## Information
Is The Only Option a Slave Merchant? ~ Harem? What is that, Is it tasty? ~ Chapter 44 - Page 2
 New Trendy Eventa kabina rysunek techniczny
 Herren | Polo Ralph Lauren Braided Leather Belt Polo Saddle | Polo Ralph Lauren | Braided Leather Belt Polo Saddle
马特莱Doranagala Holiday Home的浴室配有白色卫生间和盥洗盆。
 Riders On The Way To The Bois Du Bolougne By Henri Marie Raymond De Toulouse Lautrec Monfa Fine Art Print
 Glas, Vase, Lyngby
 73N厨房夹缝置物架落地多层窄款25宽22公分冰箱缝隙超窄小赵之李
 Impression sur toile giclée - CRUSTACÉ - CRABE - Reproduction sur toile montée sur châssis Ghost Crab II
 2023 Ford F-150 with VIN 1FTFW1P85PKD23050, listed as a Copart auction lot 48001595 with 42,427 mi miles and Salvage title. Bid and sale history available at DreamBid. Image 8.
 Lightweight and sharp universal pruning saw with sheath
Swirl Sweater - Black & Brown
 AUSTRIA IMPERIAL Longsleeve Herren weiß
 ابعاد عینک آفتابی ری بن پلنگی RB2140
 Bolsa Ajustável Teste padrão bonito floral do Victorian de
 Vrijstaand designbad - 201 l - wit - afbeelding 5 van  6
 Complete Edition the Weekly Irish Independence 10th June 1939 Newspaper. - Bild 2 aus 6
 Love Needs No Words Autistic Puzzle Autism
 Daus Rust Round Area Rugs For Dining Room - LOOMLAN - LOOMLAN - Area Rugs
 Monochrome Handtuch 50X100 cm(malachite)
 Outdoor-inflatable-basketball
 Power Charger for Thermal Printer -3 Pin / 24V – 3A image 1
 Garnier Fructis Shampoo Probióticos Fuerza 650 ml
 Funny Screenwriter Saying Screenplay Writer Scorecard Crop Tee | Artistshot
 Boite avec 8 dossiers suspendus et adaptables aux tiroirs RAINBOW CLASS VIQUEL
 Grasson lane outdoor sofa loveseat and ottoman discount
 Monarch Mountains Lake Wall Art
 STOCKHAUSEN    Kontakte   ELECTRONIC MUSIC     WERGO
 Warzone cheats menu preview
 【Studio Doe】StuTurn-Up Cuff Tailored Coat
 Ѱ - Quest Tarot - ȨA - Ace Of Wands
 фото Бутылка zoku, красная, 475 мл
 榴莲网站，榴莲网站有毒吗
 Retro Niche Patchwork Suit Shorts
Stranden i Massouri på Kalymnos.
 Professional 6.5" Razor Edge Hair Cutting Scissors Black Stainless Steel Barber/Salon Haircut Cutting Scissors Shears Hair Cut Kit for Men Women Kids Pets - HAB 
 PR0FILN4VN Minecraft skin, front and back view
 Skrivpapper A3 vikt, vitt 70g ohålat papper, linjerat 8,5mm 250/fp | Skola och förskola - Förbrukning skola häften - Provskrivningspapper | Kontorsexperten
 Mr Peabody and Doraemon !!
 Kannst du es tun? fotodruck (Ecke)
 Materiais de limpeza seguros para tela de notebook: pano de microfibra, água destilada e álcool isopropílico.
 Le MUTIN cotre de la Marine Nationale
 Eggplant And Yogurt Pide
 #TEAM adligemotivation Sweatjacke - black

## Requirement
Here, the records must be output exactly and in full.

## Answer section
Is The Only Option a Slave Merchant? ~ Harem? What is that, Is it tasty? ~ Chapter 44 - Page 2
 New Trendy Eventa kabina rysunek techniczny
 Herren | Polo Ralph Lauren Braided Leather Belt Polo Saddle | Polo Ralph Lauren | Braided Leather Belt Polo Saddle
马特莱Doranagala Holiday Home的浴室配有白色卫生间和盥洗盆。
 Riders On The Way To The Bois Du Bolougne By Henri Marie Raymond De Toulouse Lautrec Monfa Fine Art Print
 Glas, Vase, Lyngby
 73N厨房夹缝置物架落地多层窄款25宽22公分冰箱缝隙超窄小赵之李
 Impression sur toile giclée - CRUSTACÉ - CRABE - Reproduction sur toile montée sur châssis Ghost Crab II
 2023 Ford F-150 with VIN 1FTFW1P85PKD23050, listed as a Copart auction lot 48001595 with 42,427 mi miles and Salvage title. Bid and sale history available at DreamBid. Image 8.
 Lightweight and sharp universal pruning saw with sheath
Swirl Sweater - Black & Brown
 AUSTRIA IMPERIAL Longsleeve Herren weiß
 ابعاد عینک آفتابی ری بن پلنگی RB2140
 Bolsa Ajustável Teste padrão bonito floral do Victorian de
 Vrijstaand designbad - 201 l - wit - afbeelding 5 van  6
 Complete Edition the Weekly Irish Independence 10th June 1939 Newspaper. - Bild 2 aus 6
 Love Needs No Words Autistic Puzzle Autism
 Daus Rust Round Area Rugs For Dining Room - LOOMLAN - LOOMLAN - Area Rugs
 Monochrome Handtuch 50X100 cm(malachite)
 Outdoor-inflatable-basketball
 Power Charger for Thermal Printer -3 Pin / 24V – 3A image 1
 Garnier Fructis Shampoo Probióticos Fuerza 650 ml
 Funny Screenwriter Saying Screenplay Writer Scorecard Crop Tee | Artistshot
 Boite avec 8 dossiers suspendus et adaptables aux tiroirs RAINBOW CLASS VIQUEL
 Grasson lane outdoor sofa loveseat and ottoman discount
 Monarch Mountains Lake Wall Art
 STOCKHAUSEN    Kontakte   ELECTRONIC MUSIC     WERGO
 Warzone cheats menu preview
 【Studio Doe】StuTurn-Up Cuff Tailored Coat
 Ѱ - Quest Tarot - ȨA - Ace Of Wands
 фото Бутылка zoku, красная, 475 мл
 榴莲网站，榴莲网站有毒吗
 Retro Niche Patchwork Suit Shorts
Stranden i Massouri på Kalymnos.
 Professional 6.5" Razor Edge Hair Cutting Scissors Black Stainless Steel Barber/Salon Haircut Cutting Scissors Shears Hair Cut Kit for Men Women Kids Pets - HAB 
 PR0FILN4VN Minecraft skin, front and back view
 Skrivpapper A3 vikt, vitt 70g ohålat papper, linjerat 8,5mm 250/fp | Skola och förskola - Förbrukning skola häften - Provskrivningspapper | Kontorsexperten
 Mr Peabody and Doraemon !!
 Kannst du es tun? fotodruck (Ecke)
 Materiais de limpeza seguros para tela de notebook: pano de microfibra, água destilada e álcool isopropílico.
 Le MUTIN cotre de la Marine Nationale
 Eggplant And Yogurt Pide
 #TEAM adligemotivation Sweatjacke - black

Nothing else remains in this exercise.